Stories about couples infidelity told by a famous film director, a bestselling author, or a neighbor are infinite. What makes a person behave this way? Who’s to blame? We often ask these questions when we hear about another betrayal.
We gathered psychologists’ points of view and the results of scientific experiments that talk about the circumstances that increase the risk of infidelity. Read the article and you might have fewer questions about this topic.
1. Absence of emotional intimacy
The inability to have heart-to-heart conversations with a partner and the lack of support push both women and men to cheat. There’s a stereotype that the main motive for a man is sex. But in his book The Truth about Cheating, marriage counselor Gary Neuman says that 47% of his male clients who cheated talked about the absence of emotional intimacy.
The situation gets more difficult because men don’t like to show their feelings and women can miss the fact that her beloved needs support. She might notice it way later or even ignore it.
2. Influence of experience and society
If a person has already had experience with infidelity during their previous relationship, there is a huge probability that they will act the same with a new partner. It’s interesting that people around also influence one’s tendency toward infidelity. In one anonymous poll, more than 75% of men who committed adultery indicated that their friends also cheat on their wives.
3. Boring intimate relationship
The lack of bright new emotions in one’s sex life is the reason why 70% of men and 49% of women decide to cheat. It should be noted that the people who answered above also said that their relationships were happy in general: without any big scandals and other disappointing issues.

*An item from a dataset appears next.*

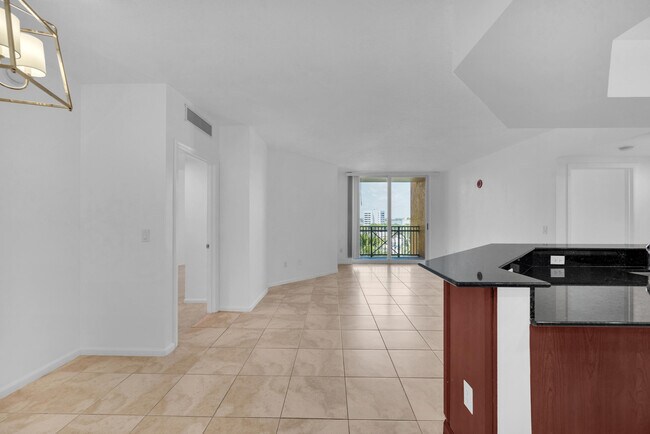 Building Photo - 403 S Sapodilla Ave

4. Vulnerability because of the quarter-life crisis
Everyone has a moment in life when we start summing up the overall results of the past years. Some people conclude that everything is just fine and others start experiencing the so-called quarter-life crisis and might become vulnerable to temptation. The research shows that it usually happens at the age of 29, 39, or 49 — just before the new decade.
Of course it doesn’t mean that a good family man and a loving husband suddenly cheats as soon as he turns 39. One’s age is just an accompanying factor that can worsen other circumstances that make people cheat.
5. Excessive interest in social networks
In couples where one of the partners devotes too much time to Twitter or other social networks, the risk of infidelity rises. Because social network addicts can easily wake up earlier or go to bed later leaving their beloved all alone just to scroll their feeds.
Virtual relationships can cause arguments and virtual communication can become real. Both factors create a favorable environment for adultery.
6. Work and business trips
According to one of the polls on this topic, more than 1/3 of cheating men are serious businessmen who used to cheat on their beloved women during business trips. And 13% of women have had an affair at work. The possibility of cheating at work rises during years 6-9 of marriage: these years are the most fragile and generally demand a lot of effort.
7. Lack of oxytocin
Oxytocin, also called the hug hormone (it rises when we hug and kiss), plays an important role in creating and keeping the trust in a relationship. Scientists think that the lack of this hormone can become a trigger when it comes to cheating.
In one experiment, several married men were injected with oxytocin, got acquainted with an attractive woman, and told they could get as close to her as they wanted. Participators that got a hormone dose insisted on a bigger distance between them and the woman than those who got a placebo.
8. I just can’t choose another way
There are people that can’t just imagine their life without the adrenaline buzz that accompanies cheating. Regardless of age, experience, and other criteria, these people cheat and justify themselves saying that they can’t behave in any other way.
Real reasons for this behavior vary and they can be hidden deep inside emotionally. The truth is, it’s very difficult, and almost impossible, for some people to be monogamous.
Specialists indicate that generally it’s the set of listed factors that becomes the reason for cheating, not just one of them. Besides, some couples don’t break up after that and try to save their marriage. And some marriages become even stronger.
What do you think? Is there any possible reason to forgive infidelity?